There was no heroic adventure, only bloodshed. Columbus Day should not be a
celebration.

Arawak men and women, naked, tawny, and full of wonder, emergedfrom their
villages onto the island’s beaches and swam out to get a closer look at the
strange big boat. When Columbus and his sailors came ashore, carrying
swords, the Arawaks ran to greet them, brought them food, water, gifts. He
later wrote of this in his log:

    They brought us parrots and balls of cotton and spears and many other
things, which they exchanged for the glass beads and hawks’ bells. They
willingly traded everything they owned. . . They do not bear arms, and do
not know them, for I showed them a sword, they took it by the edge and cut
themselves out of ignorance. They would make fine servants . . . with fifty
men we could subjugate them all and make them do whatever we want.

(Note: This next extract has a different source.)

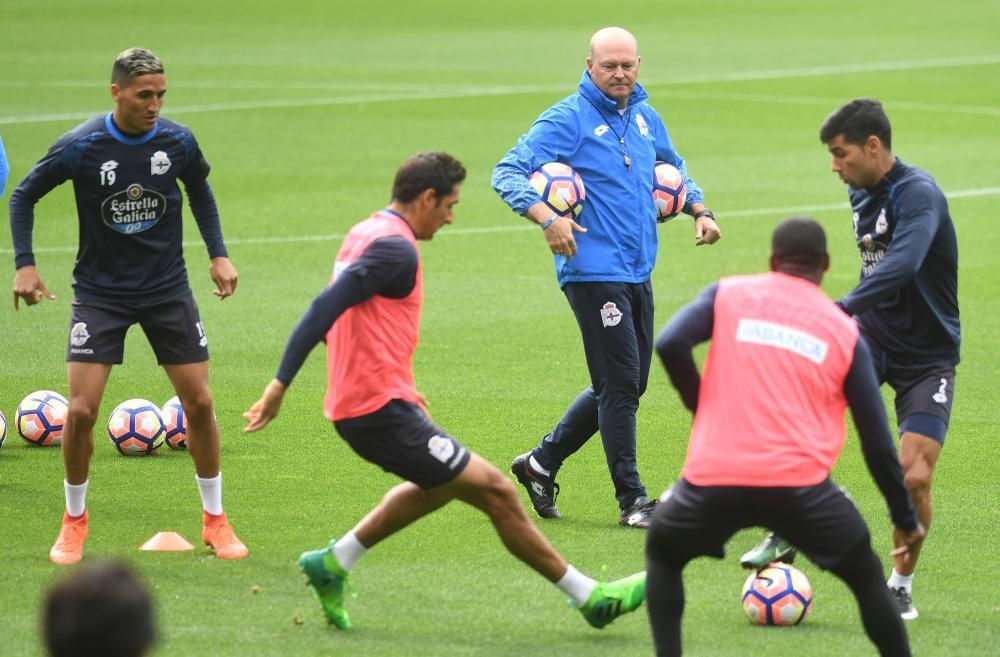 La plantilla deportivista continúa preparando el partido contra el Espanyol.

These Arawaks of the Bahama Islands were much like Indians on the mainland,
who were remarkable (European observers were to say again and again) for
their hospitality, their belief in sharing. These traits did not stand out
in the Europe of the Renaissance, dominated as it was by the religion of
popes, the government of kings, the frenzy for money that marked Western
civilization and its first messenger to the Americas, Christopher Columbus.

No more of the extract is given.